Special sum of multinomial coefficients!

Question

I'm trying to find a explicit formula for the following sum in terms of $n$ and $k$. Any help would be appreciated.

\begin{equation} \sum_{a_1 + \dots + a_k = n} \frac{(2n)!}{(2 a_1)! \dots (2 a_k)!} = ? \end{equation}

Answer 1

Since $$(x_1+x_2+\ldots+x_k)^{2n} = \sum_{a_1+a_2+\ldots+a_k=2n}\frac{(2n)!}{a_1!a_2!\cdot\ldots\cdot a_k!} x_1^{a_1} x_2^{a_2}\cdot\ldots\cdot x_k^{a_k}$$ we may apply the following transformation to isolate in the RHS just the terms for which $a_1$ is even: $$ (x_1+x_2+\ldots+x_k)^{2n} \mapsto \frac{1}{2}\left[(x_1+x_2+\ldots+x_k)^{2n}+(-x_1+x_2+\ldots+x_k)^{2n}\right] $$ hence: $$ S=\sum_{\substack{a_1+a_2+\ldots+a_k=2n\\ a_i\text{ even}}}\frac{(2n)!}{a_1!a_2!\cdot\ldots\cdot a_k!}=\frac{1}{2^k}\sum_{e\in\{-1,+1\}^k}(e_1+e_2+\ldots+e_k)^{2n}$$ that leads to $$ S = \frac{1}{2^k}\sum_{j=0}^{k}\binom{k}{j}(k-2j)^{2n} $$ resembling (but not being equal) a Stirling number of the second kind.
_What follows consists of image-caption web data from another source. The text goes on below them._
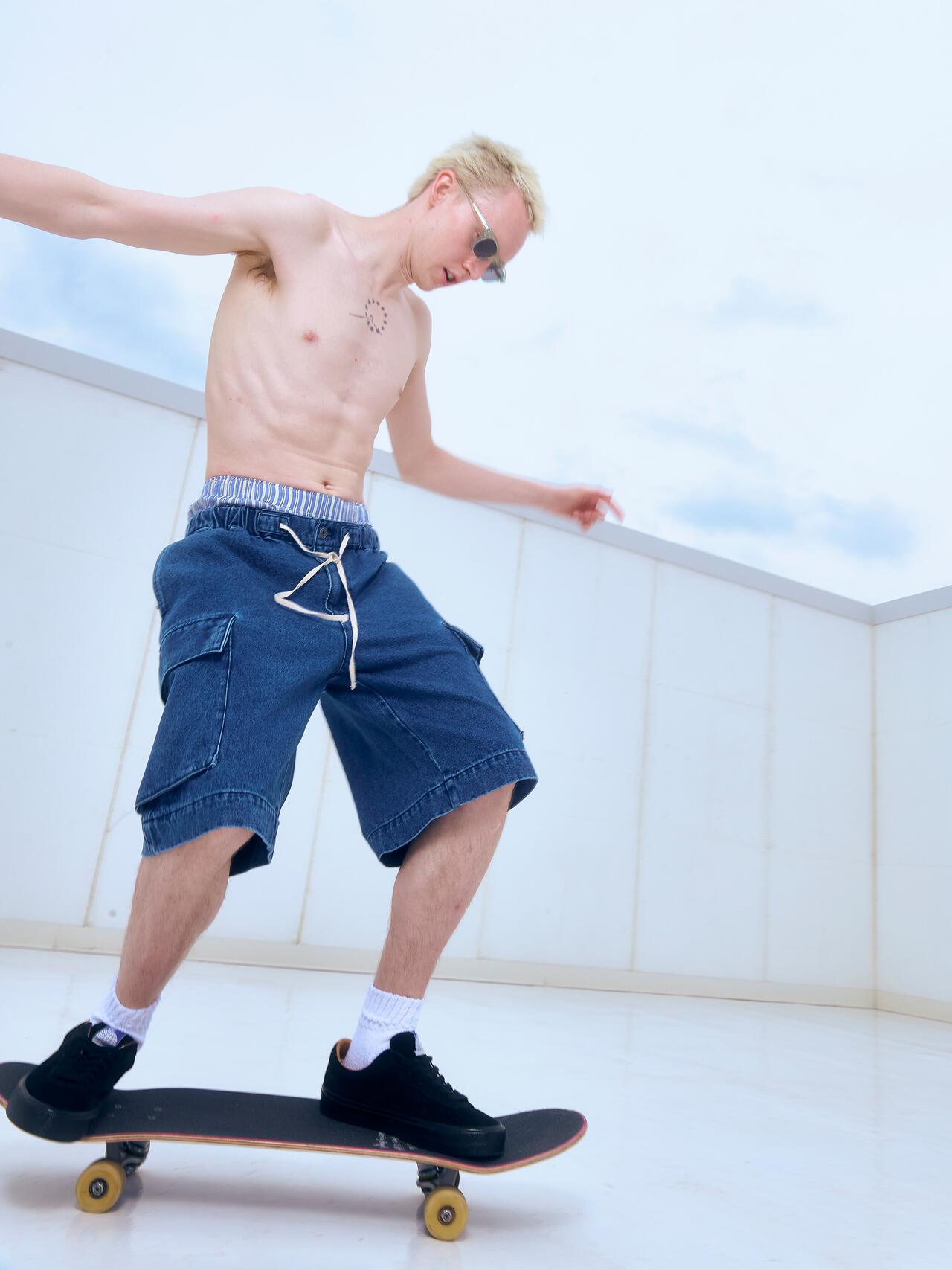 B omnivore/ビーオムニボー DENIM CARGO SHORTS デニムカーゴショーツ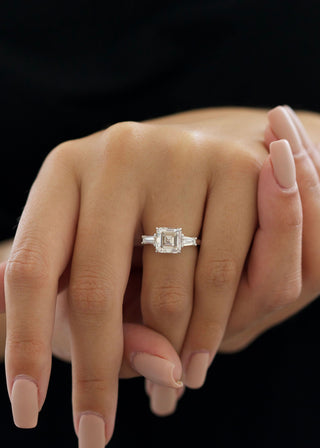 3.01ct Asscher D-VVS2 Diamond 3 Stones Engagement Ring - violetjewels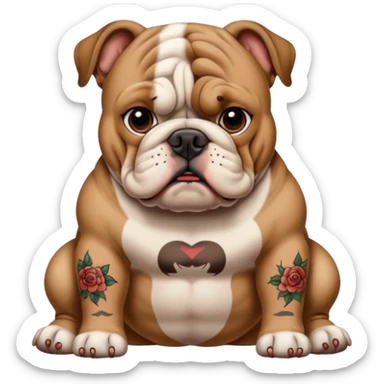 bulldog with tattoos sticker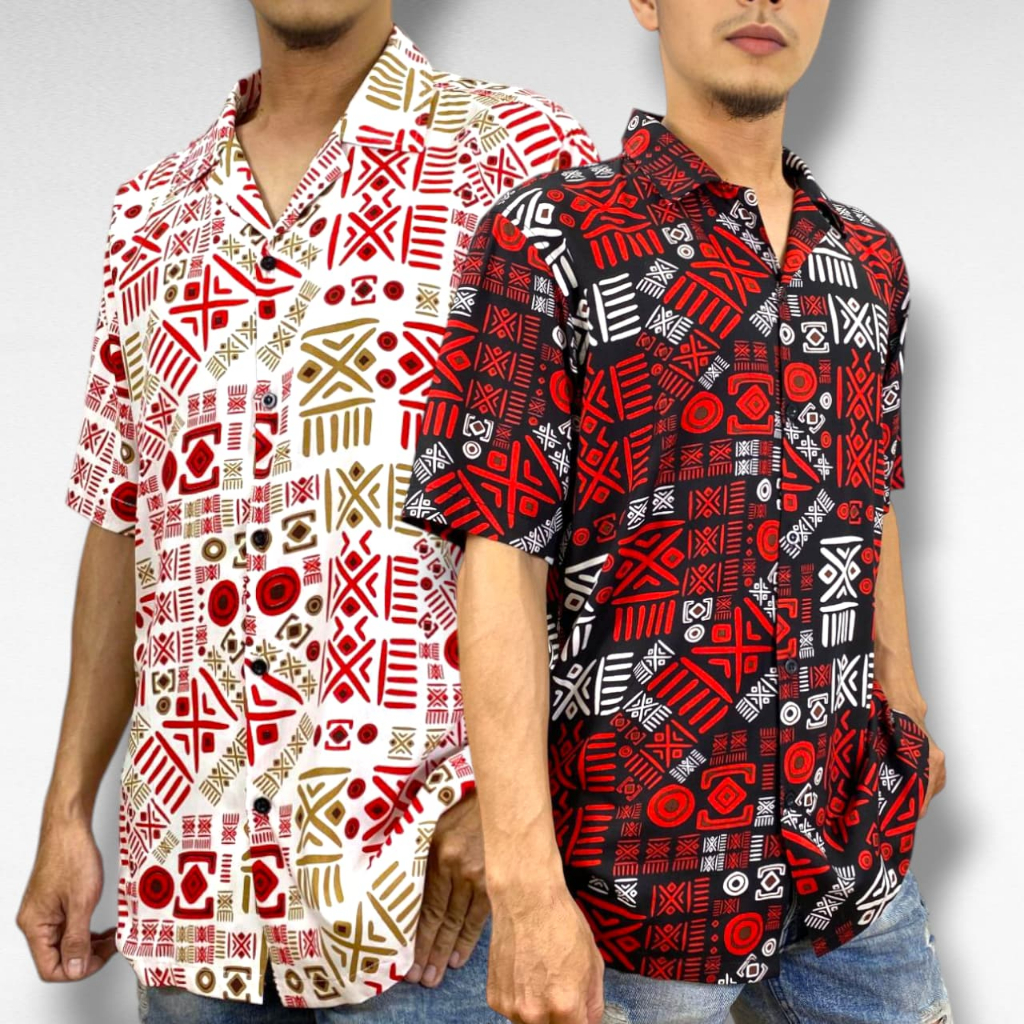 Kemeja Batik Pria Lengan Pendek Etnik Modern Rayon Adem Casual Merah Putih 17 Agustus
We may expand $(k-2j)^{2n}$ in terms of binomial coefficients and Stirling numbers of the second kind, then compute $$\sum_{j=0}^{k}\binom{k}{j}\binom{|k-2j|}{a} $$ to turn $S$ into a sum of powers of two multiplied by Stirling numbers of the second kind, but that still does not give a "nice" closed formula for $S$.

Answer 2

To cancel all of the multinomial coefficients with odd components, we can average $$ (\underbrace{\pm1\pm1\pm\dots\pm1}_{k\text{ terms}})^{2n} $$ which gives $$ \frac1{2^k}\sum_{j=0}^k\binom{k}{j}(k-2j)^{2n} $$ I have not yet been able to simplify this further.